"Oh, N'ika. You don't have to be sorry. I mean, it's your topic. I'm just sorry I can't seem to help you with it more."
He drops a soft, brief kiss on Nico's forehead.
"Sometimes feelings are like that. I wanted - I wanted to be dead for so long, just so I could stop feeling. I'm not saying...that the place I am now is somehow worth all those years, just - the awful and unbearable parts, it's not. It's the fault of emotions, not at the end of the line. It's the fault of your life being fucking awful, and part of you knowing that, knowing it's worth changing even though you didn't know anything else. You deserve a life you could have good feelings about. It's not your fault, not the fault of any part of you, that you didn't."
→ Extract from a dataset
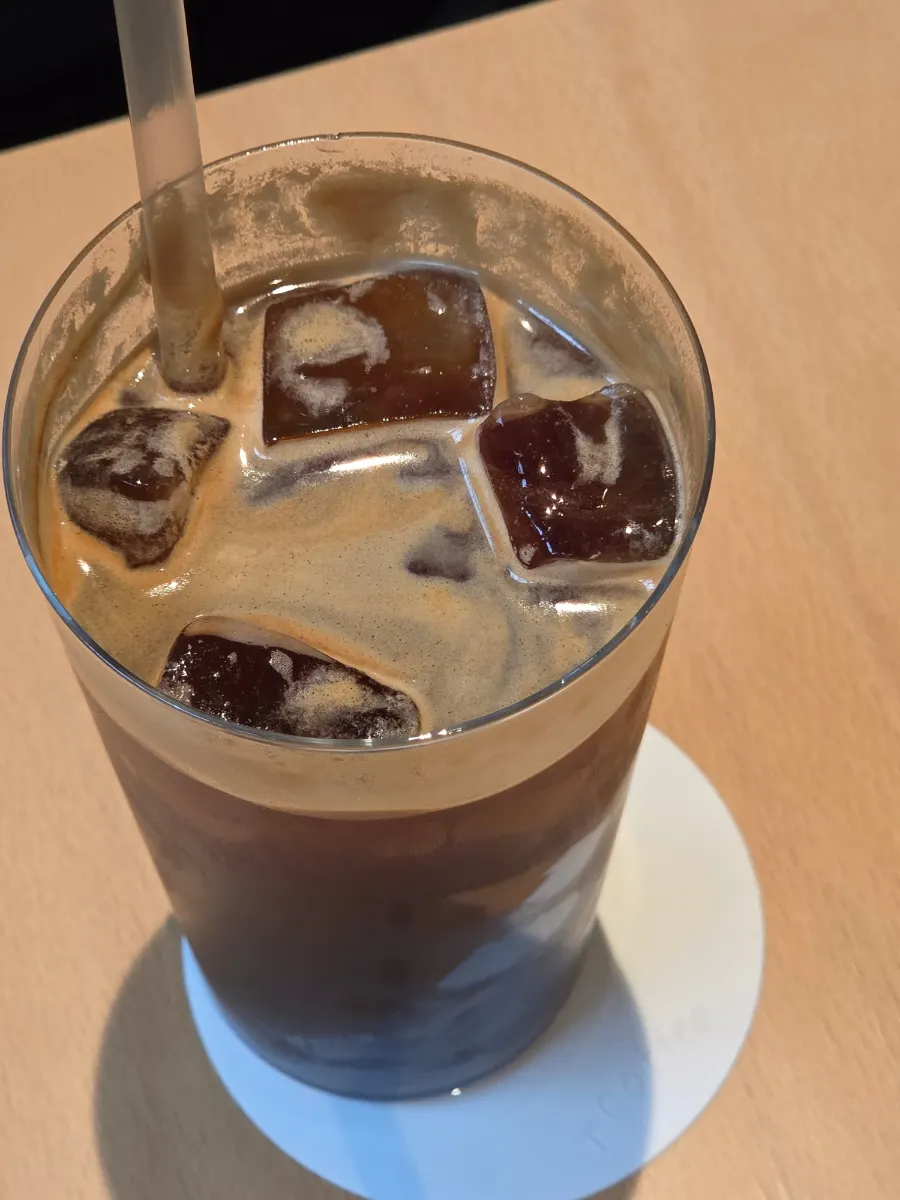 Close-up of the americano cup on the table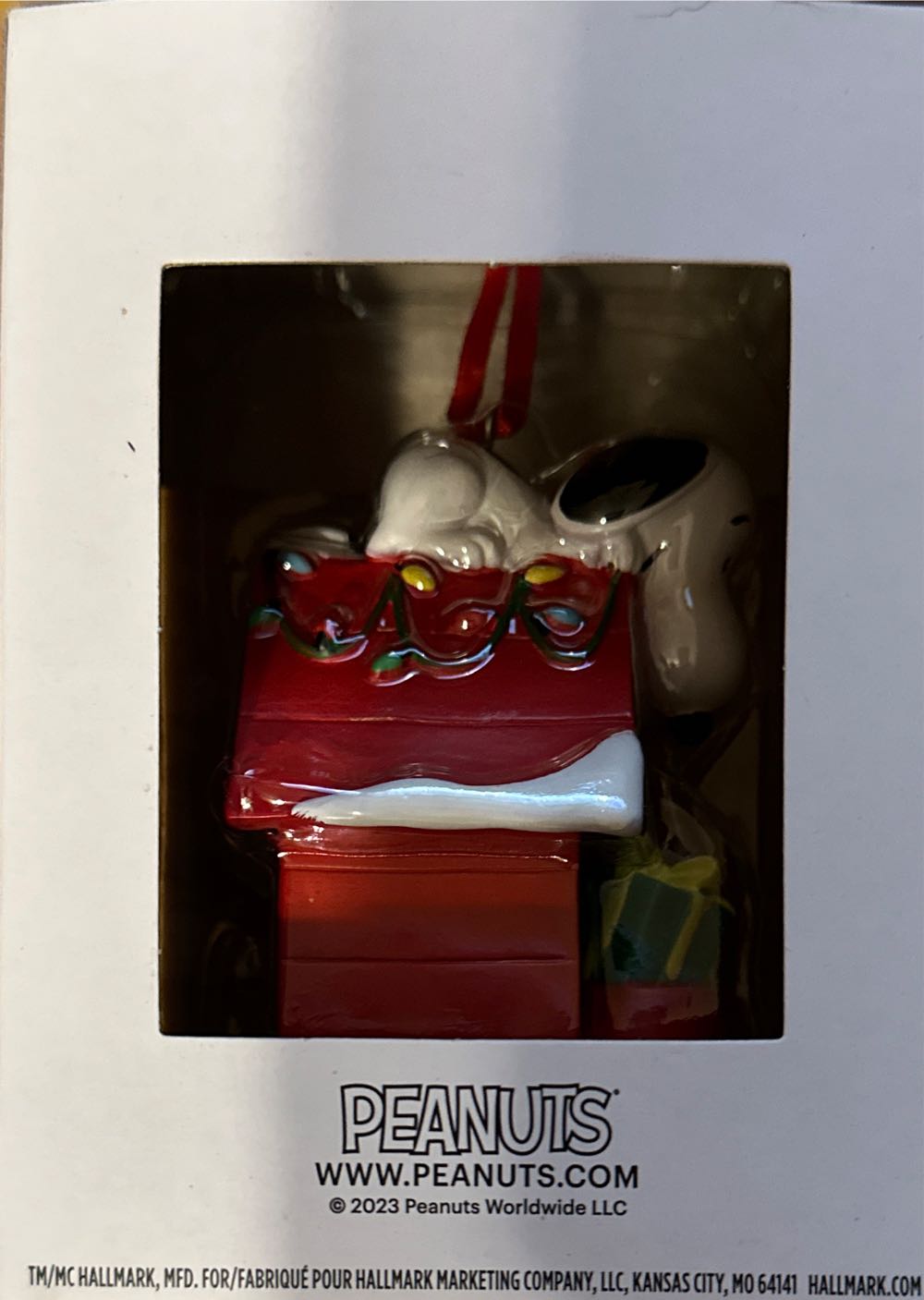 Snoopy On Holiday Doghouse Christmas Ornament - The Peanuts Gang (Peanuts) ornament collectible [Barcode 763795839803] - Main Image 3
He takes one of Nico's hands in his, rubbing a thumb gently over Nico's knuckles.
"I think you could have it, with us. We have so many things we need to do besides the war. There's no point winning if we can't build a nation where they can live in peace. There's going to be so many logistics and I'll have computers, but you still know how I am. And none of the clones has any experience with it outside of war. You could be useful planning a million other things, population settlement, food production, transport schedules, anything. And there'll be clones young enough not to scare you - little kids who only know being scared and hurt and obedient. You could be a really useful big brother. You could tell them it's okay not to want to fight. Not many of their other brothers really know how to say that, and mean it."
He wants that. He wants to be able to believe Jedao. He suspects that's why he has such a hard time actually believing him. He'd known that his life was wrong, that it should be changed, because he hadn't been alone. The kids hadn't deserved to die like that, the definitely hadn't deserved to live like that. So he had wanted to change things, he could want that, without having to think about himself. It's easier to care about his own well-being when it's as an abstract cog in a machine.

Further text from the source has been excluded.